Homes

Personal responsibility

Steve Maxwell | Houseworks
This legal warning comes from an actual commercial carton of plastic water pipe. (Steve Maxwell photo)
Average: 3 (1 vote)

A roll of plastic plumbing pipe I ordered for a heating job I’m working on arrived in a carton that makes me worried. A 15 word printed warning is the reason why. It highlights a creeping menace that’s making it harder and more expensive for people to make good things happen in the real world. This includes the professionals you hire to work on your house, and even those times when you want to do renovations and upgrades yourself.

Printed right next to the oval hand hole cutouts on this cardboard carton were these words: “No hand hole, access hole only. Use as hand hold is at users own risk.”

Legal warnings about cardboard hand hole hazards are ridiculous on two counts and worrisome on a third. First, the oval holes were obviously made so you could grab the light but bulky 20-pound carton and pick it up. Who could possibly hurt themselves doing this? Second, the idea that these holes could be used to “access” a stiff, coiled, bound roll of plastic pipe is insane. Who are they trying to fool? The diameter of the pipe is bigger than the width of the oval hole itself. Short of looking inside to see if the pipe is actually there, there’s no opportunity for “access.”

I suspect the people behind the pipe company feel foolish about their printed warning, as any reasonable person should. I hope they do, anyway. The warning is obviously absurd, yet probably prudent. That’s what makes me sad. The only thing worse than a cardboard hand hole warning is what it says about a society’s attitudes towards personal responsibility.

We’re steadily trying to eliminate the reality that people should be the ones looking out for themselves in most things. And the trouble with reality is that it never goes away just because we want it to.

A world where companies need to protect themselves against cardboard hand hole injury lawsuits is a world where an unelected, unaccountable legal system has gone way too far in its quest to profit from absurd and debilitating litigation. This kind of dangerous nonsense isn’t just an American thing, either.

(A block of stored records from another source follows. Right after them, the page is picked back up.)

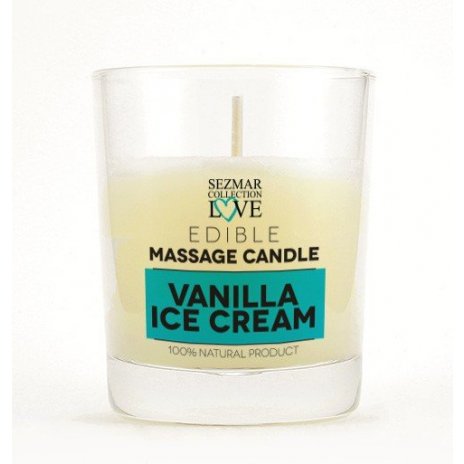 SEZMAR LOVE Přírodní masážní svíčka vanilka 100 ml 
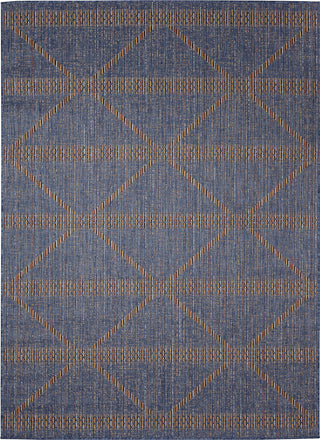 Trans Ocean Avena 7458/33 Diamond Stripe Denim Area Rug main image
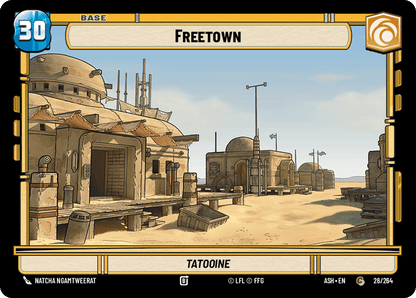 Freetown (ASH) Common Star Wars Unlimited Fantasy Flight Games Standard Non-Foil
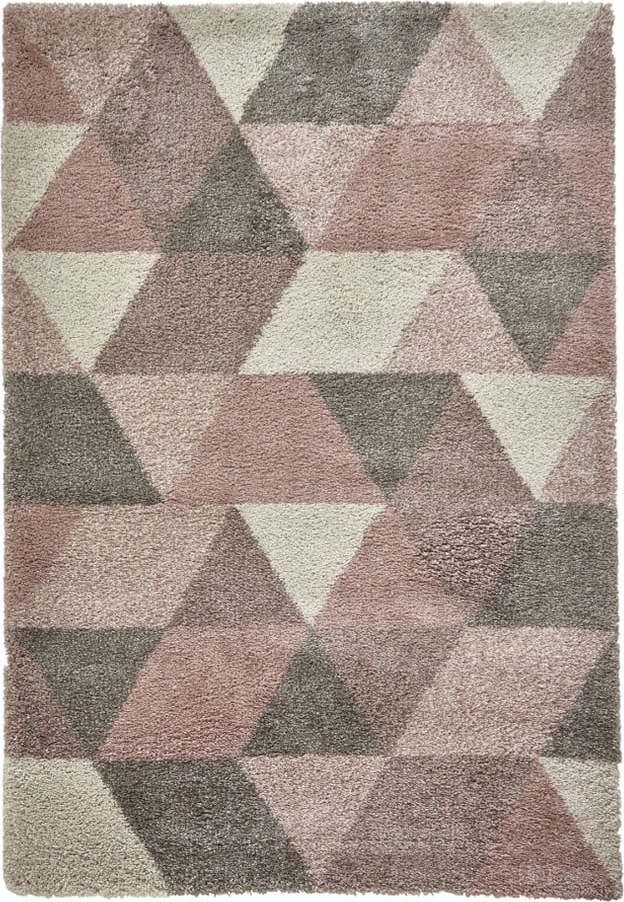 Krémovo-růžový koberec Think Rugs Royal Nomadic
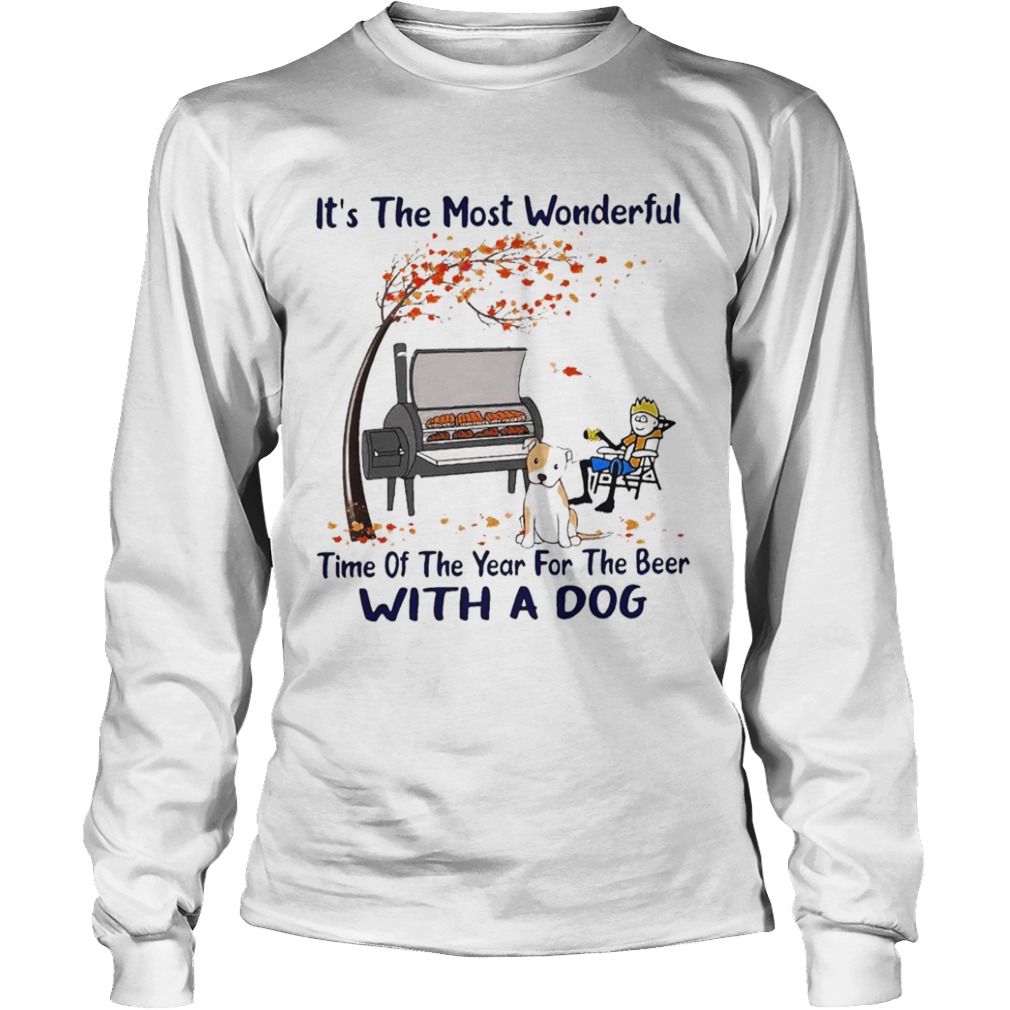 Its The Most Wonderful Time Of The Year For The Beer With A Dog  Long Sleeve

It isn’t even about creating a kinder, safer and better Canada. Courts, judges, lawyers and lawmakers certainly justify the expensive red tape they create in the name of righteous causes, but don’t be fooled. The growing amount of over-protective absurdity we face profits an elite and wealthy portion of society only, at the expense of ordinary Canadians trying to make ordinary ends meet.

A substantial portion of the cost of your next home renovation is due directly to the pointless inefficiencies your contractor faces trying to keep is business operating. Same goes for the cost of materials you’ll buy for your next DIY campaign. I know for a fact that a large part of the cost of the next ladder you’ll buy goes directly towards liability insurance costs incurred by the ladder manufacturer protecting themselves against lawsuits launched by people who fall off ladders. It’s insane.

As ideas of personal responsibility are eroded by foolishness that passes for prudence, Canada is worse off. Safety rules are essential for any civilized society, but only if they’re framed in the context of realistic ideas of personal responsibility. Have you ever noticed how so many new rules that affect everyday life come from bureaucrats, judges and legal precedent, without ever being influenced by the democratic process? Why are we Canadians taking this kind of thing lying down?

So what should we do? We could start by intentionally choosing greater personal responsibility in the small, everyday choices we make. And whatever you do, don’t call up a lawyer to pursue a lawsuit if you break a fingernail lifting a box of water pipe using one of those treacherous oval hand holes.